橋爪大三郎/植木雅俊『ほんとうの法華経ちくま新書

橋爪大三郎様、ご恵存賜りありがとうございました。

 法華経とは、すべての人を成仏させる経典なのですね。「この現実社会にあって、一人の人間として完成されてあること」、これが法華経のいう「成仏」であり、原始仏教ではそうなのだと。
 そして、「私も仏になれるんだ」という自信と勇気を与えることが、授記ということ。
 菩薩というのは、悟りを得てブッダという理想に至るための前段階であると考えられます。

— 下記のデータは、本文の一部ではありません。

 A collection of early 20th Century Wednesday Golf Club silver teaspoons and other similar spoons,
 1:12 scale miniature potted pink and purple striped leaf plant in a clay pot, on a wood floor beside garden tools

すると菩薩行という実践は、その人がブッダになれば、必要なくなるはずです。ところが、久遠のブッダは、ブッダでありながら、菩薩行を続けている。これはいったい、どういうことなのでしょう。
 法華経の「寿量品(じゅりょうぼん)」(第16)の教えでは、「ブッダというのは、六道の迷いの世界を離れるのではなく、あえてそこに関わり、菩薩としての実践を通じて利他行を貫く」というのですね。つまり「ブッダ」という理想は、日常的な現実世界から別の世界に移ることではなくて、どこまでも私たちの社会の歴史的現実に関わっていくような生き方なのですね。
 菩薩行という実践は、ブッダになっても、それ自体として価値ある営みであり、目的になる。これは現世逃避的な瞑想ではなく、現世内的な実践ですね。